The South and Its Pride

Once again crime shakes America: a twenty-one-year old shoots nine blacks in a church. The reaction: helplessness.

The grin has already been wiped off of Dylann Storm Roof’s face during his first night in prison. By his first hearing in front of the criminal court in Charleston, South Carolina, the twenty-one year old accused of the massacre in the oldest African-American church in the American South, seemed like a shy child on Friday. In a pair of black and white overalls, his hands handcuffed behind his back, Roof keeps his eyes down while he answers questions from Judge James Gosnell in a video link from the prison.

“Your name?”

“Dylann Storm Roof.”

“How old are you?”

“21.”

“Do you have a job?”

“No, Sir.”

He strenuously avoided eye contact, although he had sought it out with provocative grins at TV cameras and onlookers on his day of arrest. When the families of the nine victims spoke in the courtroom in tears about their losses, he barely glanced up. Even the statement from the daughter of the 70-year old Ethel Lance, whom he had killed on that Wednesday afternoon during the Bible study with several bullets, seemed not to reach him, “I will never be able to hold her again. But I forgive you. You hurt me; you hurt a lot of people. But God forgives you, and I forgive you.”
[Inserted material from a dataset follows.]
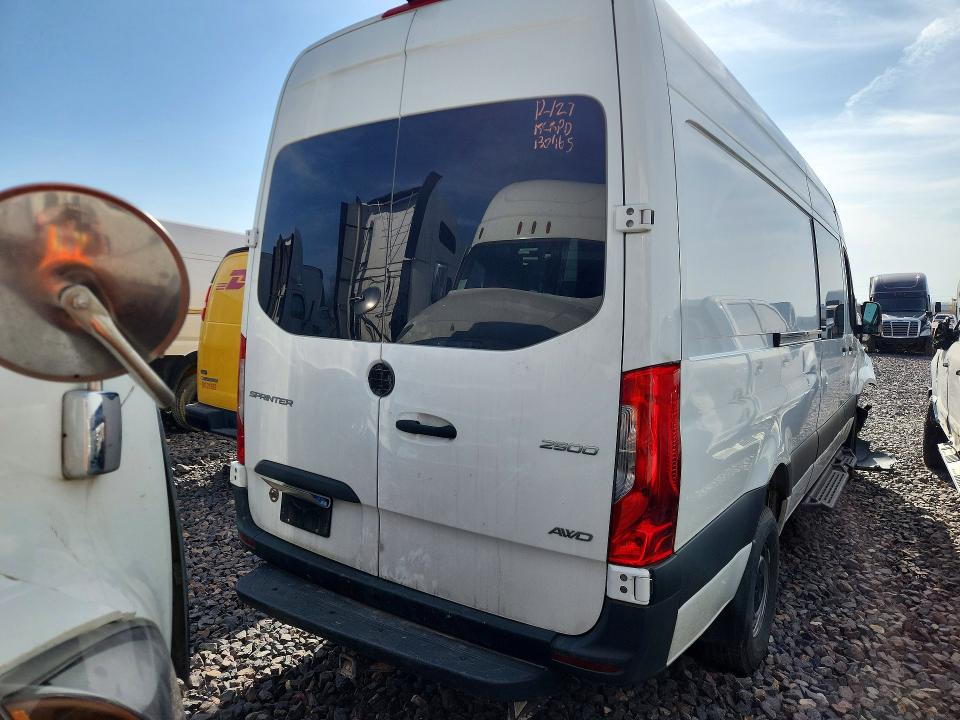 Aukcja sprzedaży 2024 Mercedes Benz Sprinter, vin: W1W4NCVY5RT163536, numer aukcji: 47911066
Roof’s first court hearing seemed almost as surreal as the scene that took place on Wednesday in the church named “Mother Emanuel”, the Emanuel African Methodist Episcopal Church. A surveillance camera showed Roof entering the church in Jeans and a sweatshirt around 8’clock. On every Wednesday devotees had gathered with their pastor for Bible study in the brick-building’s basement in Charleston’s downtown. Roof sat almost an hour with his later victims, before jumping up and shooting. To the victim’s appeal to put down the pistol, the son of a white Southern family answered with a hate tirade against blacks while firing again. According to the previous investigations, he reloaded at least five times.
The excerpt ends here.